Oscar and Tony-nominated actor Melinda Dillon, who played Mother Parker in “A Christmas Story,” and appeared in “Magnolia” and “Close Encounters of the Third Kind,” died Jan. 9. She was 83.
Her death was reported by the Neptune Society.
Dillon is celebrated for her role as Jillian Guiler in Steven Speilberg’s “Close Encounters of the Third Kind” (1977), for which she earned an Oscar nomination for supporting actress. She received a second supporting actress nomination in 1982 for her role as Teresa in Sydney Pollack’s “Absence of Malice” (1981). In 1977, she received a Golden Globe nomination for acting debut in a motion picture for Hal Ashby’s “Bound for Glory” (1976).
In a statement, Spielberg praised Dillon, saying, “Melinda was generous of spirit and lent such kindness to the character she played in ‘Close Encounters of the Third Kind’… We will all miss her.”

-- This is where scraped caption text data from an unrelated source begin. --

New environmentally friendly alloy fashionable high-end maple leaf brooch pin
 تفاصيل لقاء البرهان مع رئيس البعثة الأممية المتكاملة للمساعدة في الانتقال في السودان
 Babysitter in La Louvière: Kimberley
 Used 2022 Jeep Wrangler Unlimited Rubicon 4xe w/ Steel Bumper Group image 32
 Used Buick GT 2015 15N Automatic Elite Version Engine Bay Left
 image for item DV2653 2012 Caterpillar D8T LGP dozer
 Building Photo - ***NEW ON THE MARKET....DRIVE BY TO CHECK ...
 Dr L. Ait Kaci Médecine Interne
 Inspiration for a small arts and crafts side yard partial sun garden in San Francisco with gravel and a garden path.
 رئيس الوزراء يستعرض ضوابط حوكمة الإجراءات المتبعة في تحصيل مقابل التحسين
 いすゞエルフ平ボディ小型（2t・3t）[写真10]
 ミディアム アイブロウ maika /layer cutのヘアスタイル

Dillon also played the matriarch of the Parker family in Bob Clark’s holiday classic “A Christmas Story” (1983) and went on to appear in “Harry and the Hendersons” (1987), “Captain America” (1990) and “Nightbreaker” (1989). Her most recent appearances were in “Heartland” in 2007, and before that in Paul Thomas Anderson’s “Magnolia” (1999) as Rose Gator, the wife of a game show host with a terrible secret.
Dillon’s career began as a stage actor and improvisational comedian in Chicago’s “The Second City.” In Edward Albee’s 1962 original “Who’s Afraid of Virginia Wolf,” the actor played Honey and received a Tony nomination for featured actress in a play. She also acted in “Paul Sill’s Story Theater” and “You Know I Can’t Hear You When the Water’s Running.”
“The April Fools” in 1969 was her first feature film. On TV, her portfolio includes episodes of “Bonanza,” (1969), “The Twilight Zone” (1985) and “Law & Order: SVU” (2005).
Born Oct. 13, 1939, in Hope, Ark., the actor was raised in Cullman, Ala., and spent four years in Germany before graduating from high school in Chicago. She graduated from the Art Institute of Chicago’s Goodman School of Drama (which is now at DePaul University). Dillon married actor Richard Libertini, and the two divorced in 1978.
Dillon is survived by her son Richard Libertini Jr.